BAM Construction has secured an order from developer Argent for the construction of a 190,000ft² office project known as S1 scheme at Kings Cross in London.
The development is so large that it has its own post code (N1C) and is known as Kings Cross Central, the construction firm said.
The 12-storey office will feature Grade A office space, offering flexible, open-plan office layouts and with a double height reception lobby. It will also feature retail space on the ground floor level.
When finished, it will resemble a newly-created building alongside it, known as S2, which Carillion had built.

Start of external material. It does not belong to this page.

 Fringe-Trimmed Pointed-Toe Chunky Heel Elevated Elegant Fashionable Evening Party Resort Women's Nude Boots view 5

The two buildings will have an ‘interlocking’ appearance.
S1 is a Grade A office building located on the corner of Handyside Street and Canal Reach.

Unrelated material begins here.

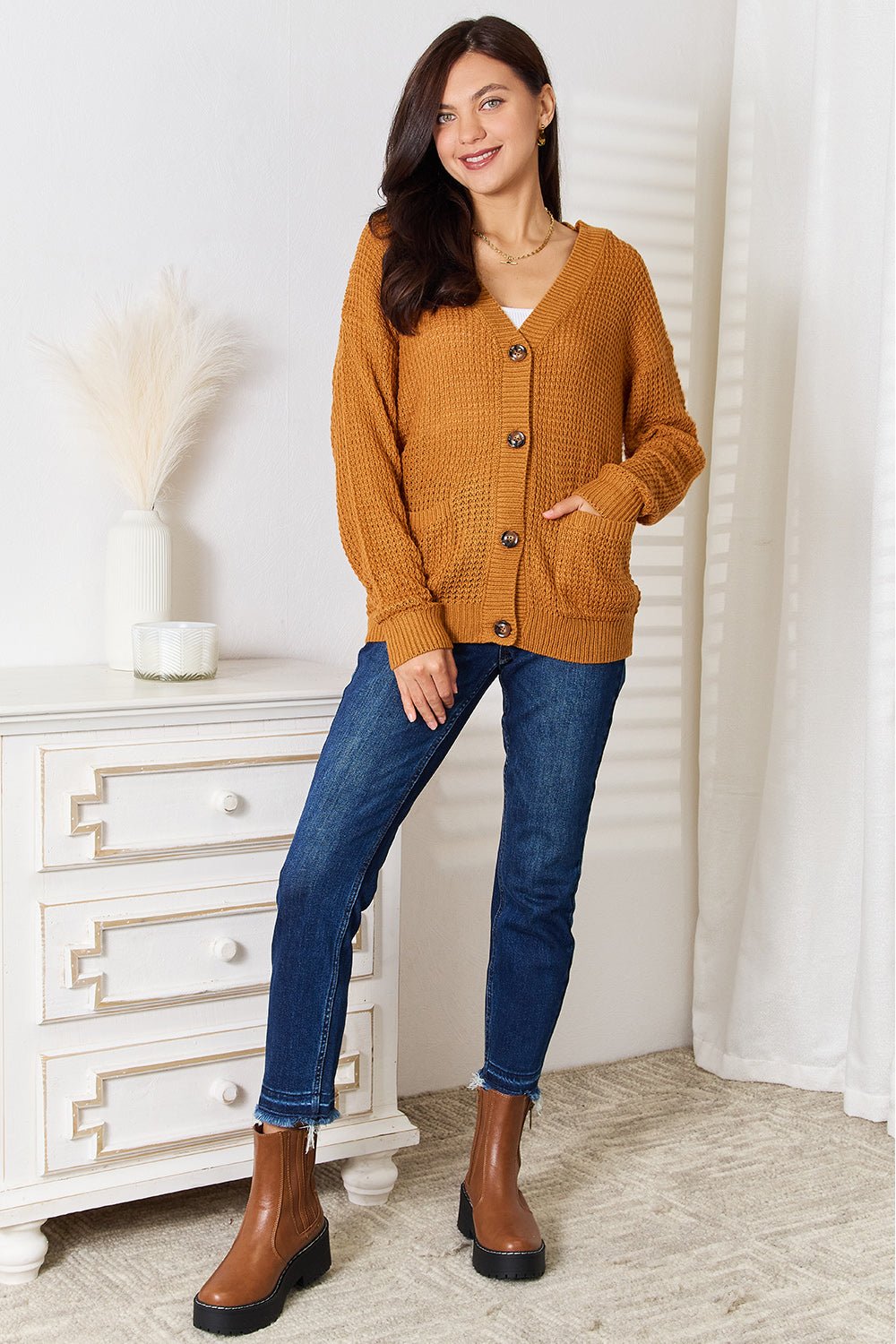 Double Take Drop Shoulder Button Down Cardigan with Pockets - Admiresty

Handyside Street, the main commercial thoroughfare to the north of the canal, is easily accessible by bus, bike or car, and six tube lines, two mainline stations and Eurostar are within a nine-minute walk.
Dual access to S1 will be provided from Handyside Street and Canal Reach.
BAM will begin initial works on the scheme this week and complete the project by the end of 2020.
The concept design is from Mossession Architecture and the delivery architect is Weedon.
The adjacent S2 building has been pre-let to Google.
Various levels will be equipped with expansive balconies, while the top level comprises a roof terrace with landscaped gardens overlooking the capital’s skyline.
A public car park will be established at the end of Handyside Street in Tapestry. A neighbouring building, T2, is being designed to accommodate a health club and primary healthcare centre.
S1 building will also feature latest technology to reduce running costs and minimise environmental impact.
The building, being designed to meet the BREEAM standard ‘Outstanding’, will be linked to the site-wide district heating network, which will provide almost 100% of the development’s heating and hot water needs, as well as 80% of electricity demand.
The building will also maximise the environmental benefits of its location. Orientation, thermal modelling and the use of thermal mass for cooling are expected to contribute to energy efficiency.